Abstract
Approximately up to 200 million new cases of infections caused by viruses of the Flaviviridae family, like hepatitis C virus (HCV), West-Nile virus (WNV), dengue virus (DENV) and Japanese encephalitis virus (JEV) are registered annually. Up to date, there is no effective antiviral therapy directed against Flaviviridae viruses. For the replication of all viruses the intact function of nonstructural proteins is necessary. The blockade of their activities leads to inhibition of the virus propagation. Thus, the nucleotide triphosphatase (NTPase) as well as helicase activities of NS3 and the RNA-dependent RNA polymerase (RdRp) activity of NS5 (or NS5B) appear to be exceptionally attractive targets for antiviral compounds.
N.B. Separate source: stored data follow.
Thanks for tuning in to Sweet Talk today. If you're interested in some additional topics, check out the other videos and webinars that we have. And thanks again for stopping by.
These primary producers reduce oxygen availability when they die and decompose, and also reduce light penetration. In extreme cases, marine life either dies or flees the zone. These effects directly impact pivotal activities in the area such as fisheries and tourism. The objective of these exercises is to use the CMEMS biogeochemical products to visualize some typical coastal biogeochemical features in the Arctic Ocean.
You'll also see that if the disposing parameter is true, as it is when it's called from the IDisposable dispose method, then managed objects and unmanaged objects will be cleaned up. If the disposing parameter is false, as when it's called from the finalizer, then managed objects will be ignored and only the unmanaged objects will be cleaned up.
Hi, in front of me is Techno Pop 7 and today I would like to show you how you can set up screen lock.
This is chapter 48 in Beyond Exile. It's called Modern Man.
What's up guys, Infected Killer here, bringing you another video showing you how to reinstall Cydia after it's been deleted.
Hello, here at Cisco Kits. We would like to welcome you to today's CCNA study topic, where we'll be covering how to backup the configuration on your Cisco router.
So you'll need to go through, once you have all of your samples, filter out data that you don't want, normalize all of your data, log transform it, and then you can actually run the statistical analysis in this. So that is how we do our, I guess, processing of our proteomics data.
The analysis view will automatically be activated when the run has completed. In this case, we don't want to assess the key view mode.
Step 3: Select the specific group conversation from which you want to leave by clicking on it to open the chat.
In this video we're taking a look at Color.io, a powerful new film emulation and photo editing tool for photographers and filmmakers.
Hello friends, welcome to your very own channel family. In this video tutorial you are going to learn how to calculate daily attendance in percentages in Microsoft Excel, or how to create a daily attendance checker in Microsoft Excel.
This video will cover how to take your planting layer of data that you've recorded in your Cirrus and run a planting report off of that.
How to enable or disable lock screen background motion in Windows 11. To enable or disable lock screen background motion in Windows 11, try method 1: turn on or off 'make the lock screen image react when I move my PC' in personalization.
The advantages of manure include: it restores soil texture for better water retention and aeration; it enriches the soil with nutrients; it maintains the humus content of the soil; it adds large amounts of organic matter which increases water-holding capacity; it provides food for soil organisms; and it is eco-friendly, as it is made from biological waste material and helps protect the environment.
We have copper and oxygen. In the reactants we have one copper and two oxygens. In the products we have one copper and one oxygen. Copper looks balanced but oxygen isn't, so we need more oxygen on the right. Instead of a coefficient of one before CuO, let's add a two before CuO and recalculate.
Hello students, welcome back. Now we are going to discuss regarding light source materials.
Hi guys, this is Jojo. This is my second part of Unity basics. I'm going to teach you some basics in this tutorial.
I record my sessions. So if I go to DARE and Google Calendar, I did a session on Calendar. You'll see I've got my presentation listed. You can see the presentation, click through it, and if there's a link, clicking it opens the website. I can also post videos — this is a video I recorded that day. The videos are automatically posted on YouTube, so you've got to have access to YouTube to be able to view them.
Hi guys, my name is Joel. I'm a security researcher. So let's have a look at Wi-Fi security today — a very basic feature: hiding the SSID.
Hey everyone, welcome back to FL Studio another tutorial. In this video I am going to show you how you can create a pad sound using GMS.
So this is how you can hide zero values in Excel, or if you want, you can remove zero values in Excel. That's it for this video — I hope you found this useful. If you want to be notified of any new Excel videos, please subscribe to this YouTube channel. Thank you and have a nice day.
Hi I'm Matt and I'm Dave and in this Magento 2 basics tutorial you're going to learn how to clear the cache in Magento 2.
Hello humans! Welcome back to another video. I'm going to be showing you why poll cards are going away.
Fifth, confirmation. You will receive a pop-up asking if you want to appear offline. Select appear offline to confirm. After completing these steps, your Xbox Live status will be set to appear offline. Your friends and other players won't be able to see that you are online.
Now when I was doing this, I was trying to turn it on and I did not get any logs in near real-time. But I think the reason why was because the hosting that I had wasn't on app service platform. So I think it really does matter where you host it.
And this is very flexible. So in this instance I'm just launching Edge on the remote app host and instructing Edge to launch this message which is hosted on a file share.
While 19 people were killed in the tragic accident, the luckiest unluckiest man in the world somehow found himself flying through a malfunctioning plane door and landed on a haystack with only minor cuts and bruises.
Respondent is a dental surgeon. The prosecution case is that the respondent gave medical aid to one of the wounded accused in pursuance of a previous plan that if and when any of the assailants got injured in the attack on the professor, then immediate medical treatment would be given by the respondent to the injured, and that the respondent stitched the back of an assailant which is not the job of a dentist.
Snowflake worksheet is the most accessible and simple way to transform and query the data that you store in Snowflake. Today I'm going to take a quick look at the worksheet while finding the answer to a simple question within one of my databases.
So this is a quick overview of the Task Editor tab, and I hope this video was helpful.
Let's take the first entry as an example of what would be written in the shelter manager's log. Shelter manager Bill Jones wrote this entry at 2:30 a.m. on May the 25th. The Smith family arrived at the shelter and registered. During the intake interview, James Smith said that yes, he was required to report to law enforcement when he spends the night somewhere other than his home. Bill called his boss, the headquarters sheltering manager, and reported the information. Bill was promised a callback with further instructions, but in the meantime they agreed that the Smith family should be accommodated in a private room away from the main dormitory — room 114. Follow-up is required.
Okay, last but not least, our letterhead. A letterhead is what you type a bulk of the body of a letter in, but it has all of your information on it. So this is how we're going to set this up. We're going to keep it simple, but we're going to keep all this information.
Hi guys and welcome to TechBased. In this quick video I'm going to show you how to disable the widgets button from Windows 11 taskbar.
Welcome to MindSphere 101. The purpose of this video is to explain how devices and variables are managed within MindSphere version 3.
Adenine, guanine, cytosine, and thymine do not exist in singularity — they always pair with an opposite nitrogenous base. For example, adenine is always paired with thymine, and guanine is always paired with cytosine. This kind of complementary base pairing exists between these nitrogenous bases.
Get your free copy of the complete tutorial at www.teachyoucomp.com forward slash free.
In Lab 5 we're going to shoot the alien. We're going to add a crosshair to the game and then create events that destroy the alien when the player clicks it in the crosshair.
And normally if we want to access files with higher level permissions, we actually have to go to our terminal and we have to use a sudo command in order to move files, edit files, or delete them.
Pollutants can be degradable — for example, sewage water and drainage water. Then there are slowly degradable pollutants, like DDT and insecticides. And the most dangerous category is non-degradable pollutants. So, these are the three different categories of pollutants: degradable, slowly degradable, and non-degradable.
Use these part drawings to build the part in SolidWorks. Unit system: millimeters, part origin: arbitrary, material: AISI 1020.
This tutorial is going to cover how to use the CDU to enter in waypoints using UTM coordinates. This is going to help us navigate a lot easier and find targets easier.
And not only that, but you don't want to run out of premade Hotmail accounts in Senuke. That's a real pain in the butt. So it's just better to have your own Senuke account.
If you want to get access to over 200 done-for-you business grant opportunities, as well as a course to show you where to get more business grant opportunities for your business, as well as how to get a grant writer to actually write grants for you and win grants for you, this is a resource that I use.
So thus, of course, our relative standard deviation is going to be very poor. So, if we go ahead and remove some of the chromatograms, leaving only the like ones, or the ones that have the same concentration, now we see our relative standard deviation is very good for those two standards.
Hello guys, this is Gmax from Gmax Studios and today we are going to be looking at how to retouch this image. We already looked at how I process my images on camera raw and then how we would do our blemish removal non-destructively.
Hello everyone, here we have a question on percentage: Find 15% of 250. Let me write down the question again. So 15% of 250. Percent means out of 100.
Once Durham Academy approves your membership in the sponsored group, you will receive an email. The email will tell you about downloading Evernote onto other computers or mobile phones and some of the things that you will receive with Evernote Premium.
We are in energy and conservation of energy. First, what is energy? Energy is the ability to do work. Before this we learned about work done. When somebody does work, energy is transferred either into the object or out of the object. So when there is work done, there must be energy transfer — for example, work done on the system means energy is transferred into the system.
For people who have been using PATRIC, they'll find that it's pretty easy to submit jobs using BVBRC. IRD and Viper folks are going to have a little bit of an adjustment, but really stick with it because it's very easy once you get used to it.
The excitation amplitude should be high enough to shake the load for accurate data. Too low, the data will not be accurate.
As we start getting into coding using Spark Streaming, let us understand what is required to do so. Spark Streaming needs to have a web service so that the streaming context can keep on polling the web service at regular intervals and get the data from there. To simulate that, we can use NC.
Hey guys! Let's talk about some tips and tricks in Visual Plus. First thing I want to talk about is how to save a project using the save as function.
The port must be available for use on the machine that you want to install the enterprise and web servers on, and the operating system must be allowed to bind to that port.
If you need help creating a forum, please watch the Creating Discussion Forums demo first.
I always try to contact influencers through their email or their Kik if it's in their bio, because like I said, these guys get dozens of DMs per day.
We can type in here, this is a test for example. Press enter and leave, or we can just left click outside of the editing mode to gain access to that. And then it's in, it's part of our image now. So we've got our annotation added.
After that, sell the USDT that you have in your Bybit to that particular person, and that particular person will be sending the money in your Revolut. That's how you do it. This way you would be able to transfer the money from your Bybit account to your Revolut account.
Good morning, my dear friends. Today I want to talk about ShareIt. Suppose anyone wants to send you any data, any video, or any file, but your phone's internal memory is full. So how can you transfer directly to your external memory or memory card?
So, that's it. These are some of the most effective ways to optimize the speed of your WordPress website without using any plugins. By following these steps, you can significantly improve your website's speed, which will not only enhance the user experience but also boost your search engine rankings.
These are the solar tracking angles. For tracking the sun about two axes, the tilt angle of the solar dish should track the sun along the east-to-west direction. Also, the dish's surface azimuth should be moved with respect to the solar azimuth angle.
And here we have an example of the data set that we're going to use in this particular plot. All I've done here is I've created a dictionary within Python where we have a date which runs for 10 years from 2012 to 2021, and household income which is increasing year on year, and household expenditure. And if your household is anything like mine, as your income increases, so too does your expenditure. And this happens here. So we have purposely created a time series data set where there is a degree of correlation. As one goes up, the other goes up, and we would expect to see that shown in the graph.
In this context, a systematic screening of chemical libraries and computational analysis are necessary which will lead to the development of effective inhibitors of the Flaviviridae replication complex. In this review the most promissing methods based on different techniques to quantify the enzymatic activities, like radioactivity, fluorescence, colorimetry as well as a coupled second enzymatic reaction are summarized and discussed. These methods serve as a starting point to establish a high throughput system (HTS) that permits more efficient screenings.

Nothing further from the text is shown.